* _Problem to work on_: Transcribe exactly, leaving out pictures, the lines from the one that holds "2016 RAM 3500" through the end of the data below, including both end lines and no others.

* _Provided data_:
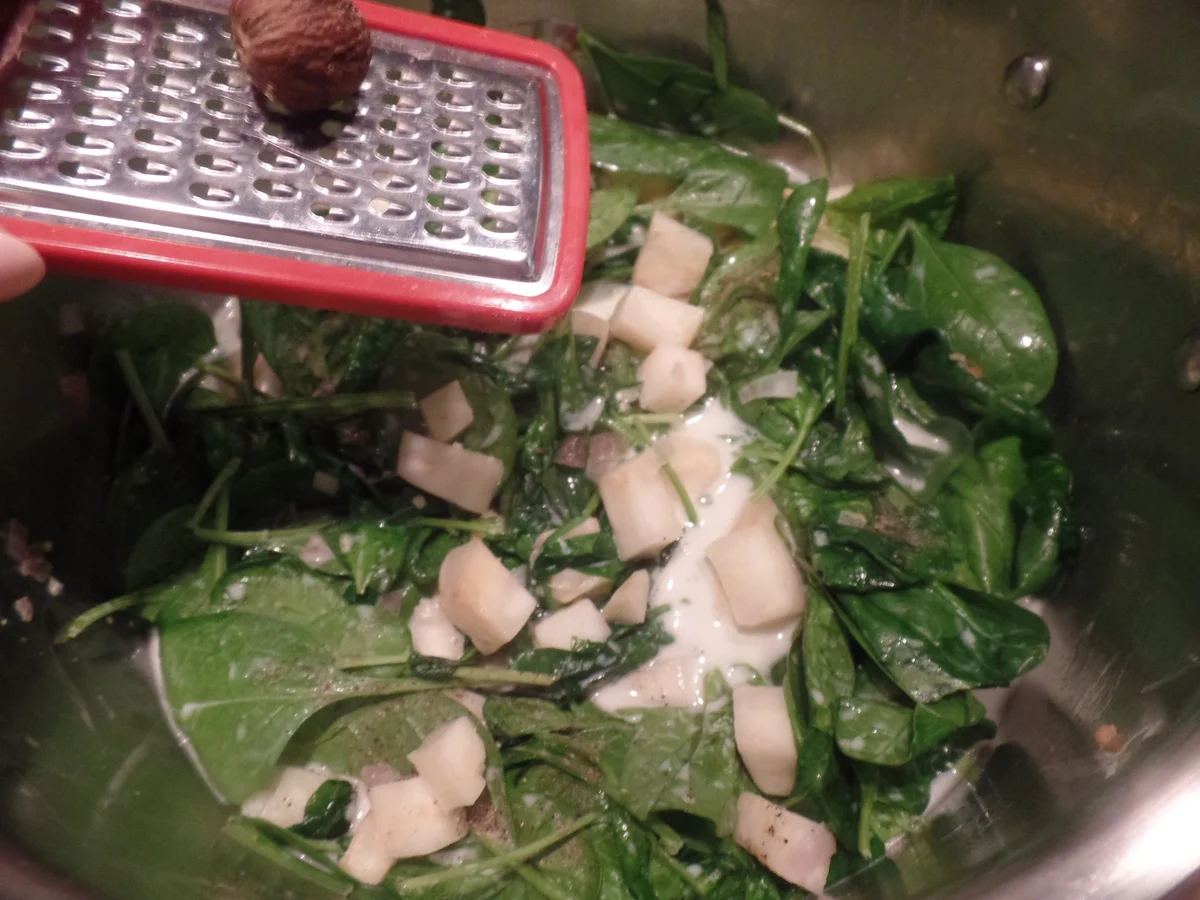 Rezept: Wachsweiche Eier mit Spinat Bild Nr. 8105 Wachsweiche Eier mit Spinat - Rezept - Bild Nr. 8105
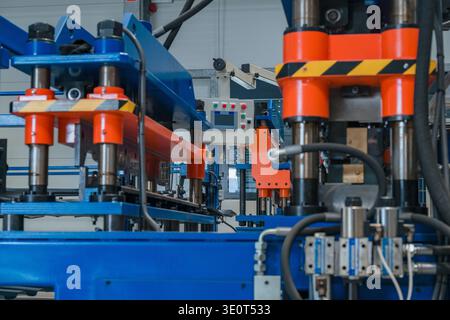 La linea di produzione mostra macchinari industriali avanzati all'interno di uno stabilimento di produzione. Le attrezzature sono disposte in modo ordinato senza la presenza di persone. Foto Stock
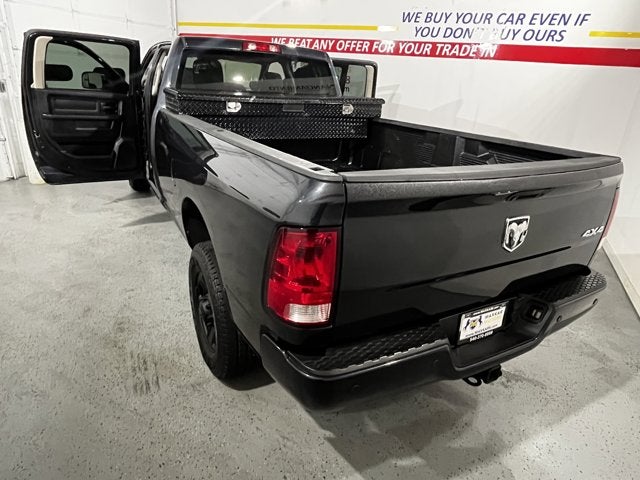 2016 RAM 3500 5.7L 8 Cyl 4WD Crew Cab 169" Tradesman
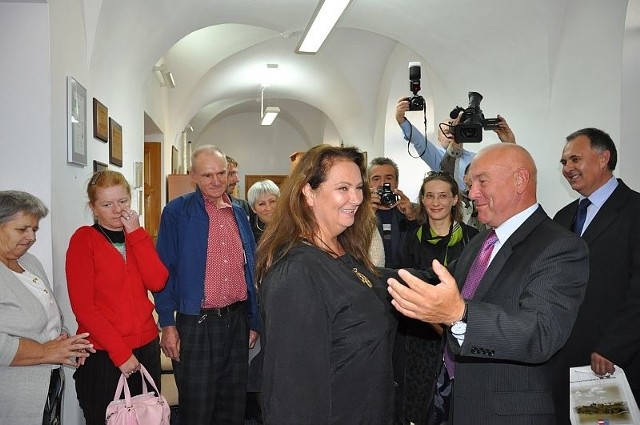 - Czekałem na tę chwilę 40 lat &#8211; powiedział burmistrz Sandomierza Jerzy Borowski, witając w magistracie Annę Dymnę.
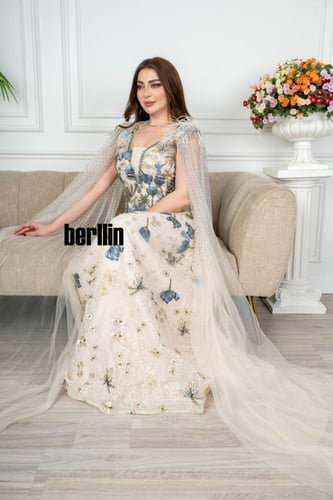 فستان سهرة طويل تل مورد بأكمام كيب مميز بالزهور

* _Solution for this problem_:
 2016 RAM 3500 5.7L 8 Cyl 4WD Crew Cab 169" Tradesman
 - Czekałem na tę chwilę 40 lat &#8211; powiedział burmistrz Sandomierza Jerzy Borowski, witając w magistracie Annę Dymnę.
 فستان سهرة طويل تل مورد بأكمام كيب مميز بالزهور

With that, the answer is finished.